# Not sure if I did the right thing



## mishey (Oct 13, 2009)

Hi All newbie here.
A little background.
We don't have kids together but I have a 21 yr old daughter from a previous relationship, We dated for about 1.5 yrs bought a house and moved in together. We were together for 11yr before we got married. For most of our marriage we were happy, the best of friends and a great team. We worked together perfectly. Any fights that we has were usually over my daughter or her father. Either I was coddling her to much or he was pissed that my daughters father would not pay child support. 

The trouble seemed to start when we sold our first house and purchased the house that we have now. We got a deal on the house because it belonged to my in-laws. Part of the agreement was that they built an in-law apartment above the garage for them to live. We soon learned that we purchased too much house that was way too big and required too much work and we were a bit over out heads.

That is when my husband became workaholic. He works almost every Sat and a few nights a week on top of his regular job. He has what I call tunnel vision when he works. He hears nothing and see nothing and he looses track of time constantly. He would never call me and give me a heads up that we would be late coming home. I would cook dinner for the both of us only to end up eating along. I know he was under a lot of pressure because of the house. I know that he works so much to keep our heads above water. This, I am grateful for. I also work a full time job but over the past few years my company has given us a lot furloughs, so my pay was cut.
At first I was able to deal with his work schedule but after a few years be became old and I started asking him to make time for us, let me know if he is going to be working late. He has tried to do this but it has only lasted a few weeks then it's back to the same old crap, no calls never knowing when and if he will be home and breaking plans with me of showing up late when we had plans. It made me so angry that we stopped almost all communication and only talked when we had to. I began to feel that I was no longer important any more and I did't matter.

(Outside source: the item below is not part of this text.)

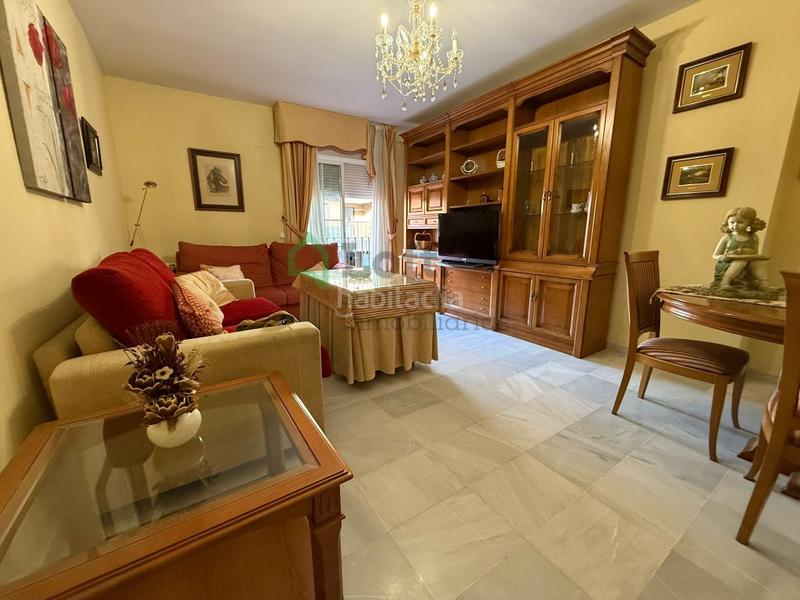 Foto e1d39b18-ff28-4d8b-895e-d3aa199f9bdc. Location duplex avec parking dans Pardaleras Badajoz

A few months ago, I told him that I wanted a separation. I told him that I was to the point that I was too angry all the time and I could not live like this. I told him this during a long weekend and he didn't have to work. After I told him I wanted out we ended up having a wonderful weekend and it felt like we were connecting again. I asked him if he would go to IC and he agreed. I agreed to put off the separation and see where it goes. He made the appointment but, he never went. He made excuses that he didn't have time. In his defense, he did pick up a very large and very time consuming job that lasted a few more months then expected but he landed the job because the house needed a new roof. Him not making the time for IC, but he could golf once a week was the last straw and about a month later I moved out. 

I've been living away from him since September 28th and I miss him like crazy. I left because he would not wake up and make out marriage a priority. Since I left he has landed a full time job where he is making more money and does not have to work so much. We make plans to be together 2/3 days a week. I've slept over his house and he has slept over mine. Sometimes he comes over and I cook and other times we go to the movies, dinner or just hang out. He has almost always shows up on time and has never blown be off. The one time he was late he called to let me know. I know that I an in love with him and that has never changed. I want to be able to have the wonderful relationship that we once had. He has agreed to see a MC. We go to the 1st appt this Monday. 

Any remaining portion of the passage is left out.